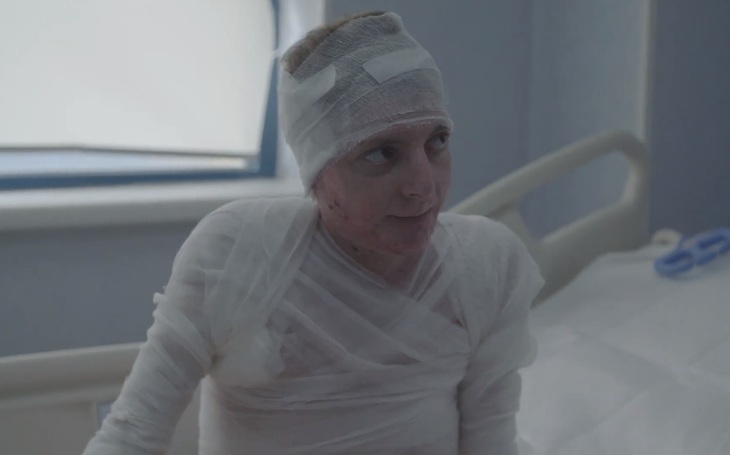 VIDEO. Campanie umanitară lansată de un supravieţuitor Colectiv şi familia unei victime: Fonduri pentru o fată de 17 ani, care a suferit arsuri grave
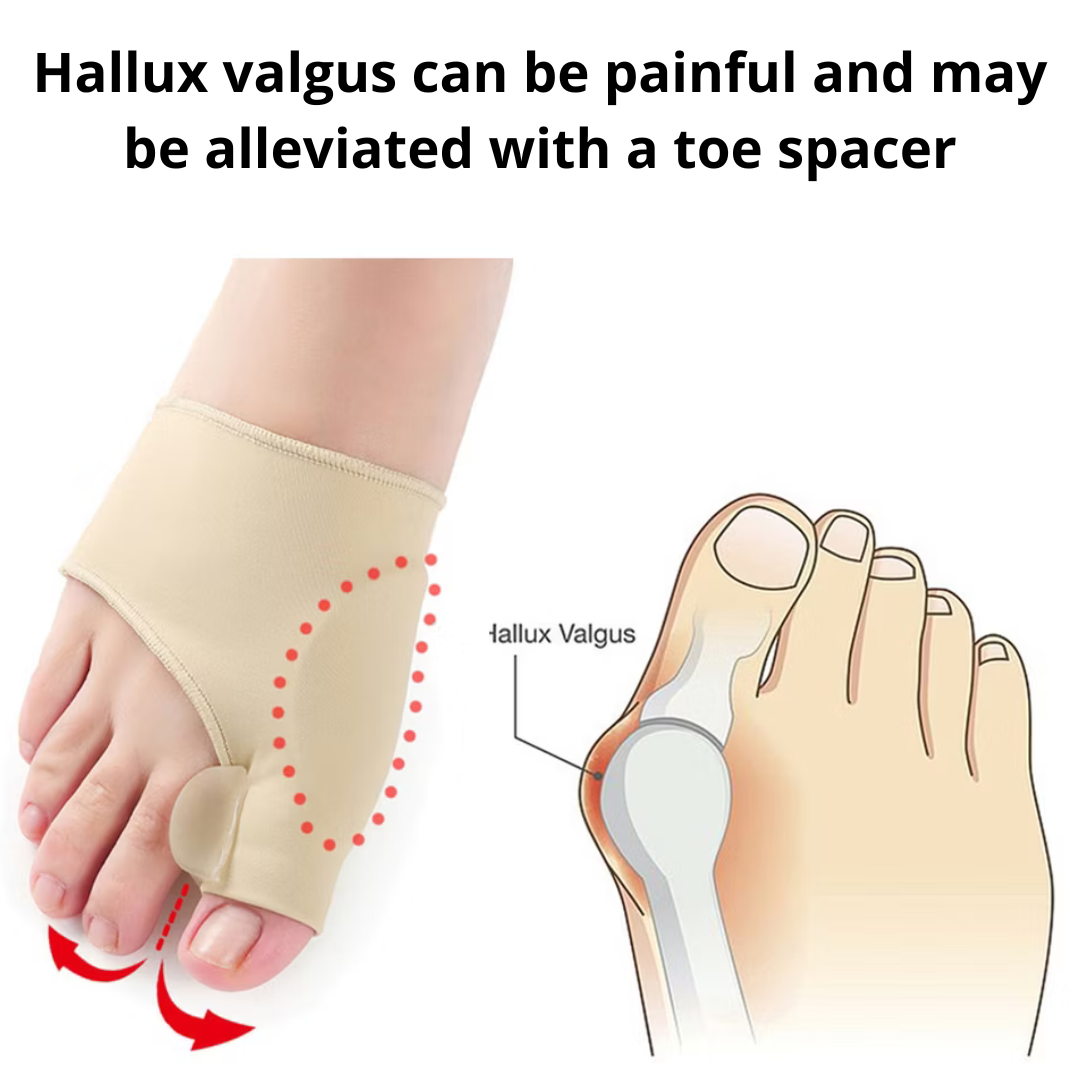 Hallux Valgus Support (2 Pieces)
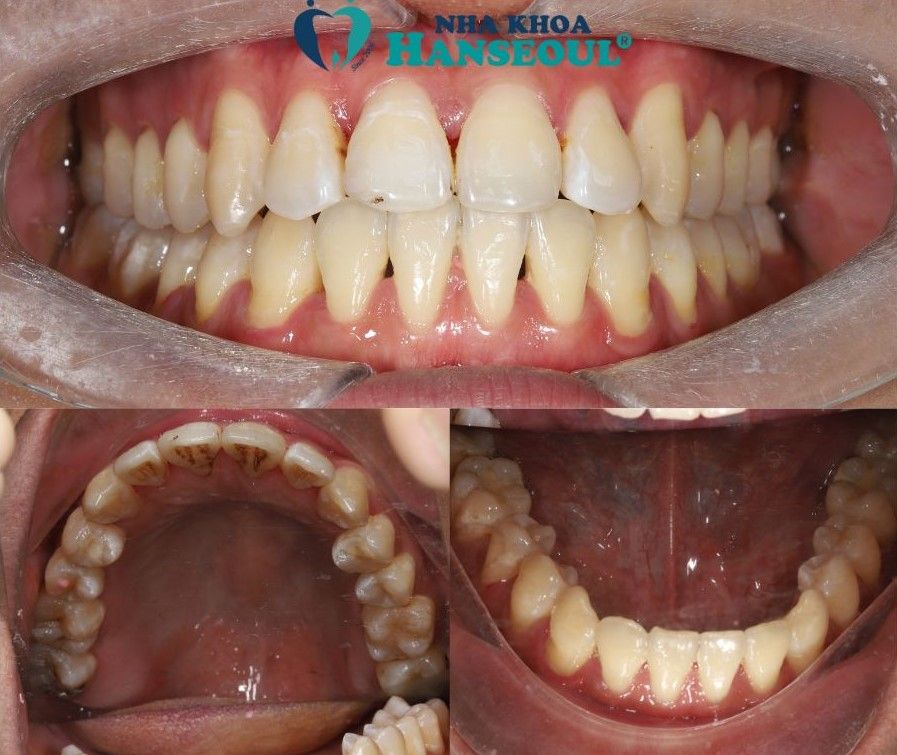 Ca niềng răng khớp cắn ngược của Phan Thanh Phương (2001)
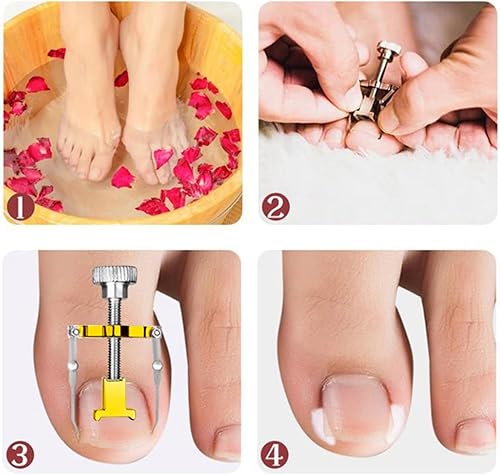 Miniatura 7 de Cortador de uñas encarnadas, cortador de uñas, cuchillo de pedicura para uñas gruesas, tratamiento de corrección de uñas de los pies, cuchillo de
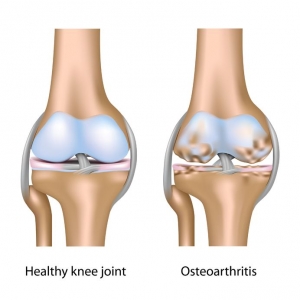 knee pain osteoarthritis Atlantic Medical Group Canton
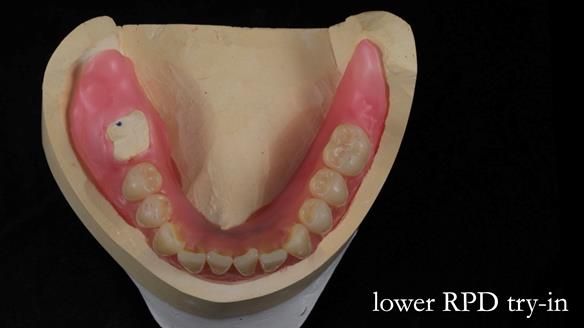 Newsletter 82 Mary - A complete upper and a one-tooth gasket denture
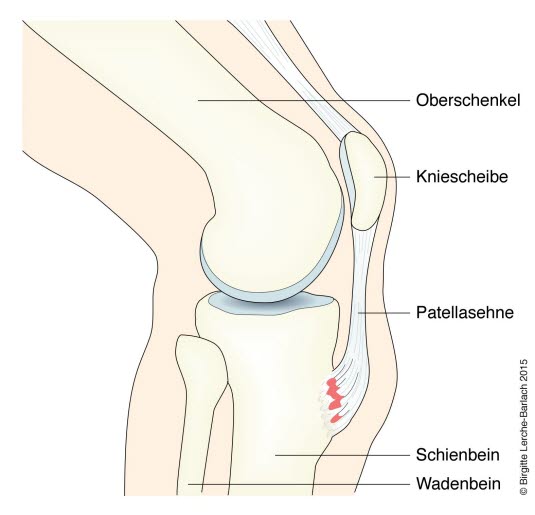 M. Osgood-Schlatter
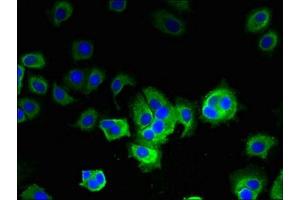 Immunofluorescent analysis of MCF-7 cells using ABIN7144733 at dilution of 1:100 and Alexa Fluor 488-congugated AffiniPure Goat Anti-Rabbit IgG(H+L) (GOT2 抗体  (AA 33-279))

__Problem__: Excluding the pictures, transcribe each entry above word for word.

__Expected output__:
 VIDEO. Campanie umanitară lansată de un supravieţuitor Colectiv şi familia unei victime: Fonduri pentru o fată de 17 ani, care a suferit arsuri grave
 Hallux Valgus Support (2 Pieces)
 Ca niềng răng khớp cắn ngược của Phan Thanh Phương (2001)
 Miniatura 7 de Cortador de uñas encarnadas, cortador de uñas, cuchillo de pedicura para uñas gruesas, tratamiento de corrección de uñas de los pies, cuchillo de
 knee pain osteoarthritis Atlantic Medical Group Canton
 Newsletter 82 Mary - A complete upper and a one-tooth gasket denture
 M. Osgood-Schlatter
 Immunofluorescent analysis of MCF-7 cells using ABIN7144733 at dilution of 1:100 and Alexa Fluor 488-congugated AffiniPure Goat Anti-Rabbit IgG(H+L) (GOT2 抗体  (AA 33-279))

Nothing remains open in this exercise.